What are some of the challenges faced in advancing the technology?

Tim Constandinou: Clearly, the cochlear implant represents a big success story, but we also have had success with deep brain stimulation for conditions like Parkinson’s, essential tremor, dystonia and more recently epilepsy. That said, if you look at these technologies, they haven’t really improved over the past two or three decades. They’re fundamentally the same, using very similar types of electronics, electrode contacts, very similar types of packaging, similar types of stimulation pulses. The only change that’s just now starting to happen is for devices to explore closed-loop operation instead of being just like open-loop pacemakers. So, I’ve been asking why the human medical grade systems haven’t improved? There’s been such great advances in the neuroscience tools space. It’s important to identify the challenges in translating these very exotic technologies to human applications and ensuring that they are safe and can be used chronically for decades. This is what inspired my research in trying to take very advanced technologies to clinical applications. While much of the efforts are being driven by the neuroscience field, over the last decade, quite a few commercial ventures, such as Facebook, Elon Musk’s Neuralink, and Kernel by Brian Johnson, have appeared in the space and are working at developing next-generation technologies. Having said that we don’t really know what they are working on except what they communicate through the media – they have yet to show anything.

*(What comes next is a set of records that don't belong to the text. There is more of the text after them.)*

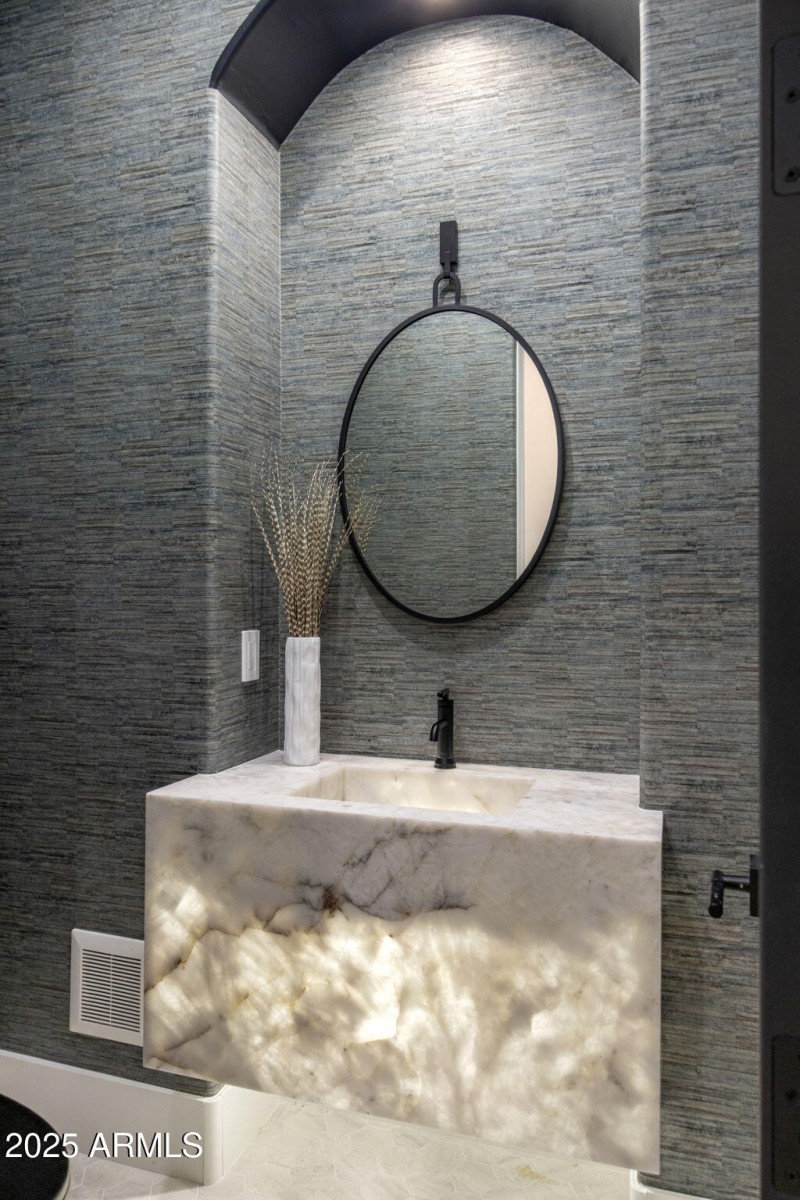 27-web-or-mls-D46A9259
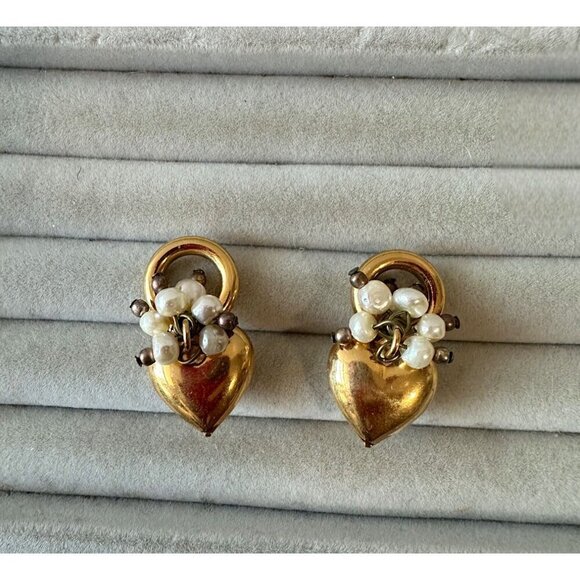 Vintage 80s Gold‎ tone Heart and Faux sead pearl charms, pendant.  A pair - Picture 7 of 10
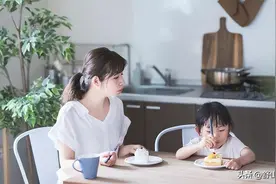 一个人，如果有这几种“吃相”，那他的前路，可能不会顺图片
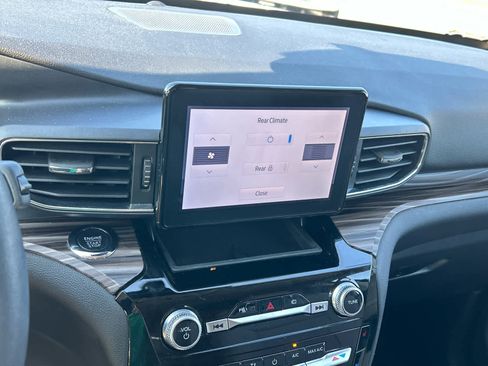 Used 2023 Ford Explorer Limited w/ Equipment Group 301A image 47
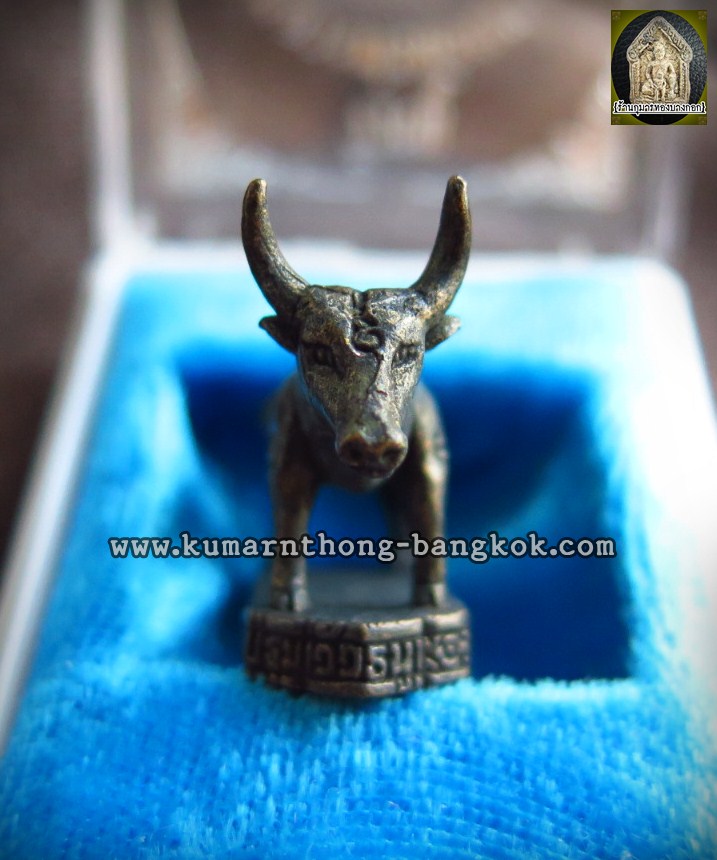 วัวธนู วัดศีรษะทอง จ.นครปฐม (ตำรับหลวงพ่อน้อย) เนื้อทองแดงฉีด ขนาดพกพา สูง 2ซม. รุ่น สร้างวิหาร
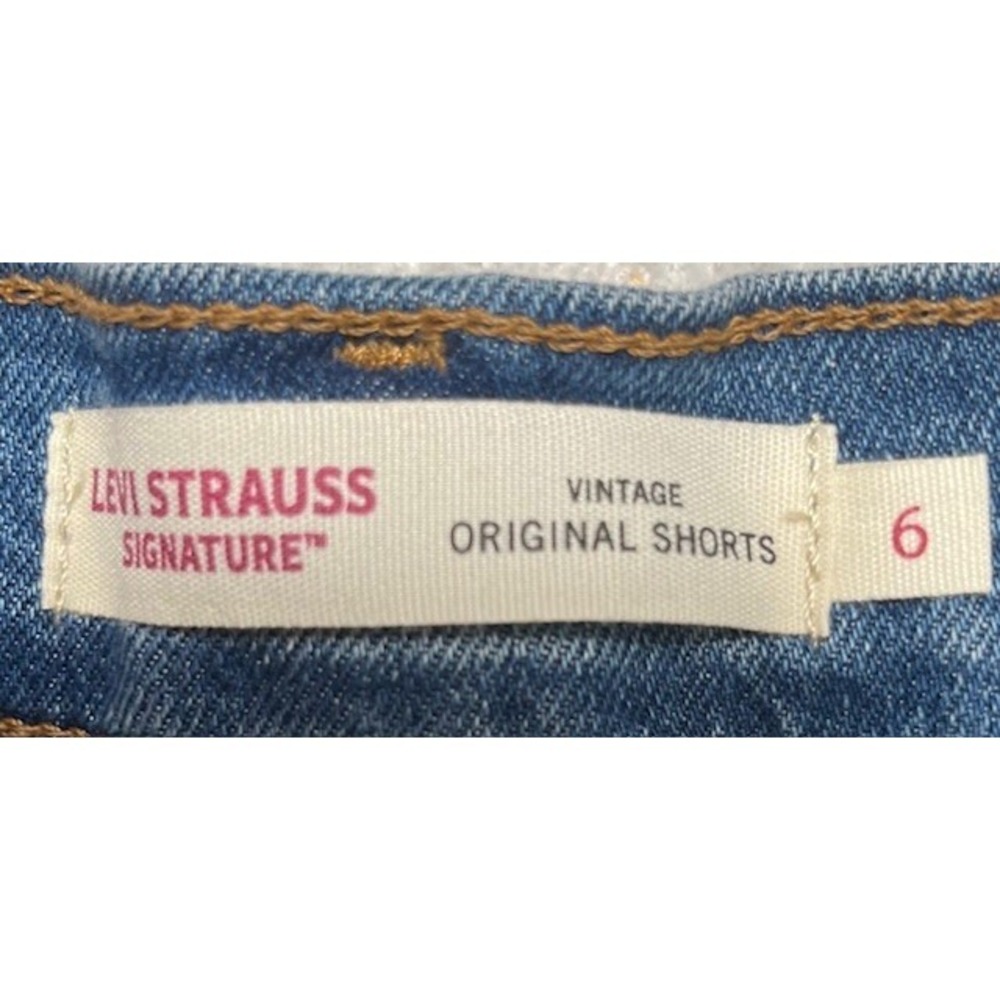 Levi Strauss Womens Sz 6 Vintage Original Shorts Raw Distress 4in NWT-1423 - Picture 5 of 5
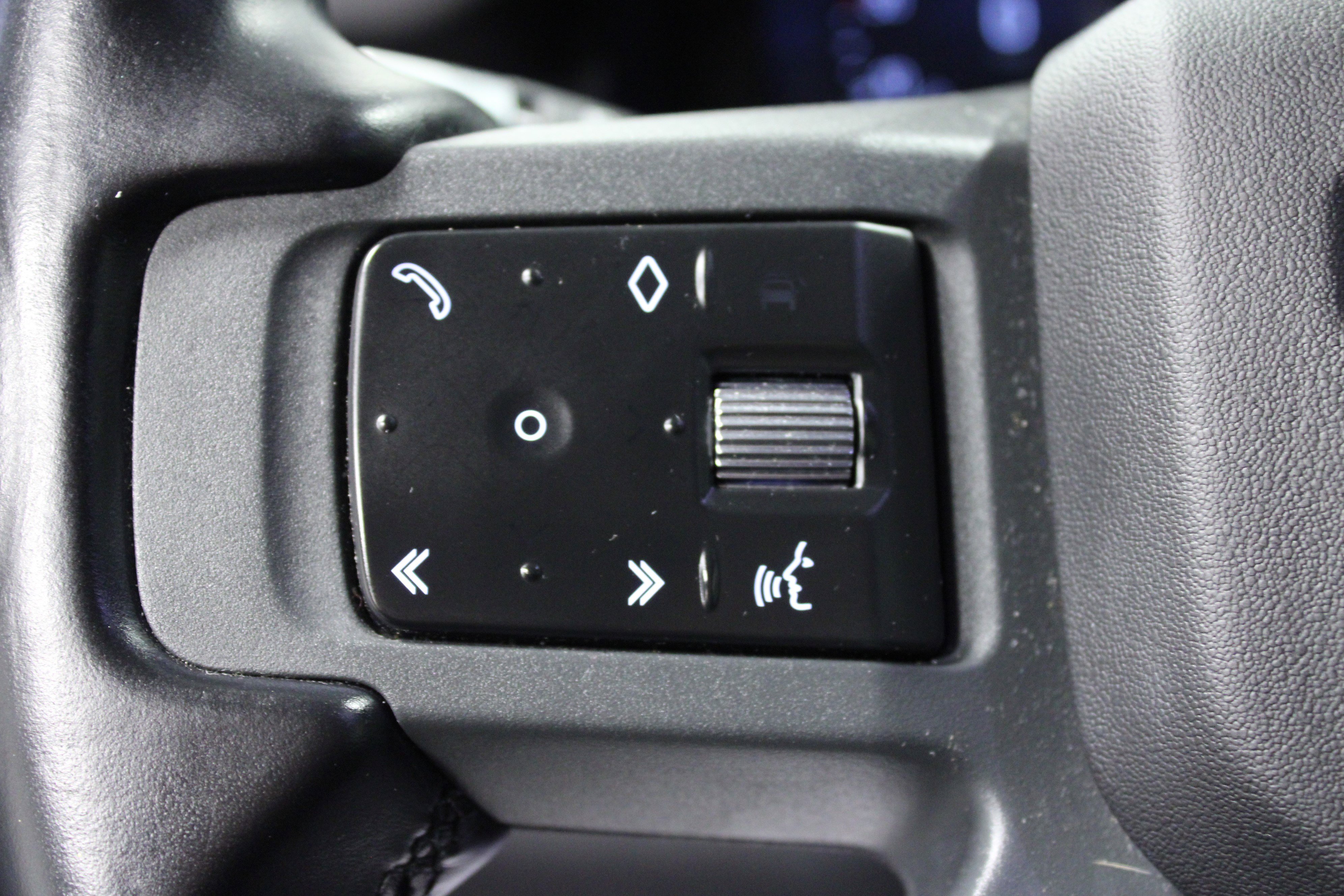 Used 2021 Land Rover Defender 90 X-Dynamic S image 19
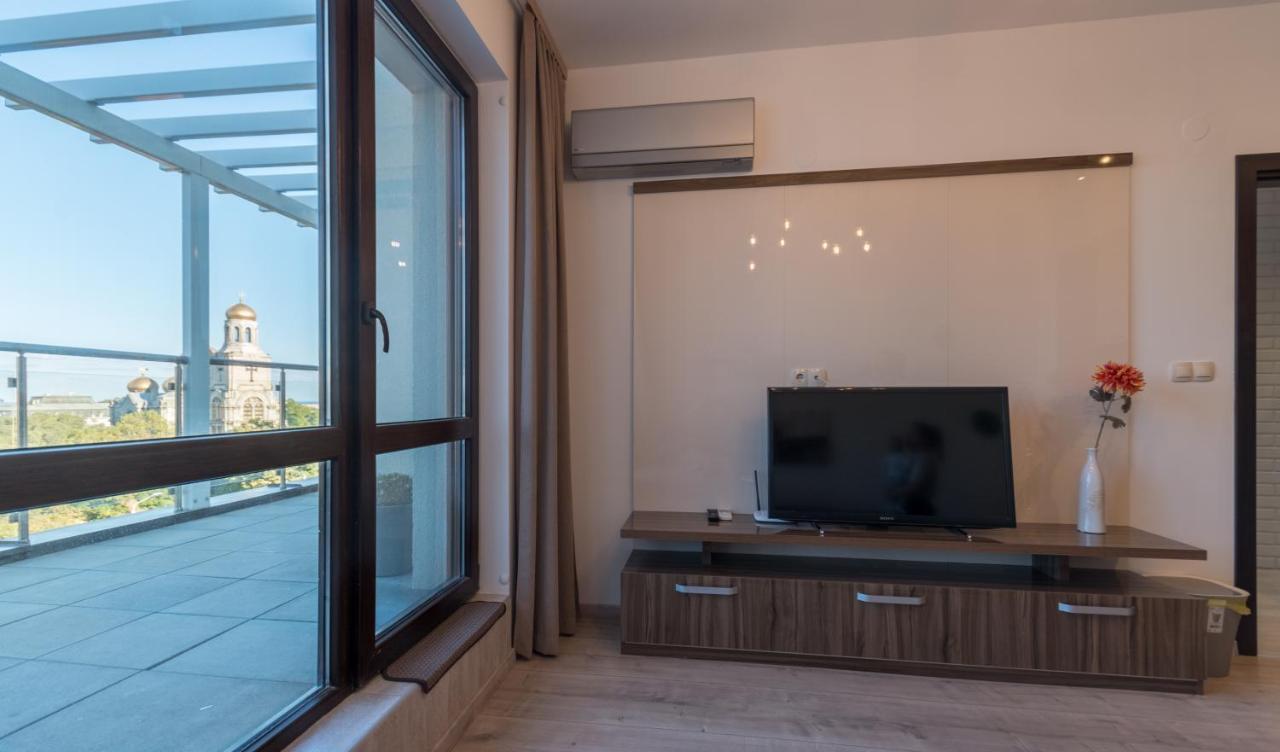 City Apartments Triumph Varna Exteriör bild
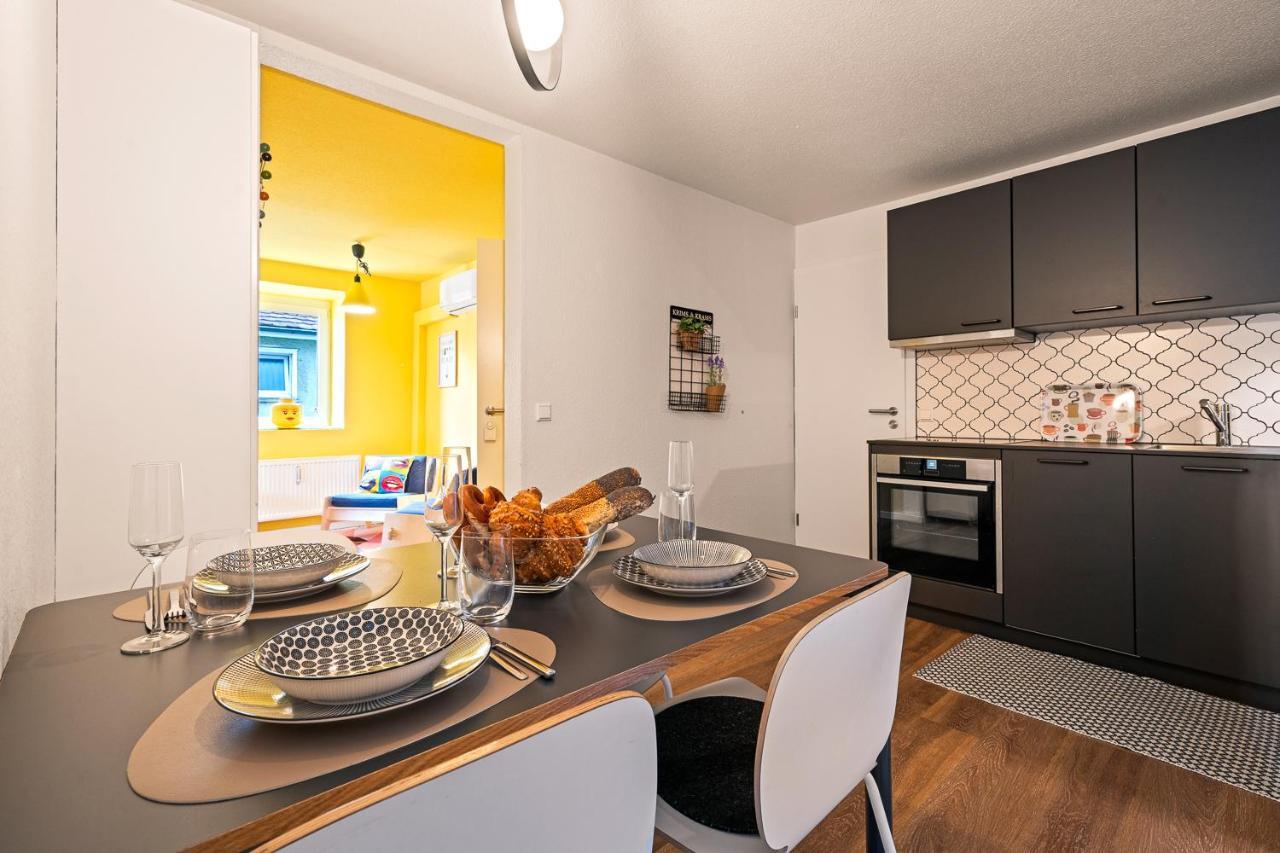 Farbenfrohe Altbauwohnung, Top Ausstattung FDH Exteriér fotografie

How is IEEE Brain helping to advance technology in the neural microsystem space?

Tim Constandinou: IEEE Brain is a new initiative that came along a couple of years ago with an objective to harness all the expertise within all the different IEEE societies and to have like a single voice and a single community. The IEEE is a huge organization with lots of different societies all working in different areas. For example, there’s the Circuits and Systems Society, the Signal Processing Society, the Engineering in Medicine and Biology Society, and all these societies individually had strands of research related to brain. What was missing was a coherent body or overarching umbrella that could reach out to harness the expertise and pull in experts from the individual subdomains all working in this area applied to neuroscience or brain.  The emergence of IEEE Brain serves to define standards, provide guidance on education, oversee publications, arrange meetings and conferences, oversee engagement with industry, really be influential in all aspects where we can make an impact to neuroscience advancement. IEEE Brain has really pulled together all the key resources that have been out there already, but perhaps that had been working in siloes.

Any final thoughts you would like to share?

This is a tremendously exciting time to be in the field–there is so much going on. That said, there are also so many challenges. There is currently a huge gap between innovative neurotechnologies that have been demonstrated in the lab, or even through first-in-human trials, and medical devices out there in everyday use. What makes or breaks a new technology is not considering what I call the “neural interfaces ecosystem”. For a new technology to be successful there is so much more than just securing the funding and then developing and testing the device. In the medical space, it is essential to engage with end-users and care givers, consider ethical implications, start the regulatory process sooner rather than later, figure out the business model for sustainability and the value proposition, consult with healthcare professionals and, of course, ensuring it does what it says and that it is safe and secure.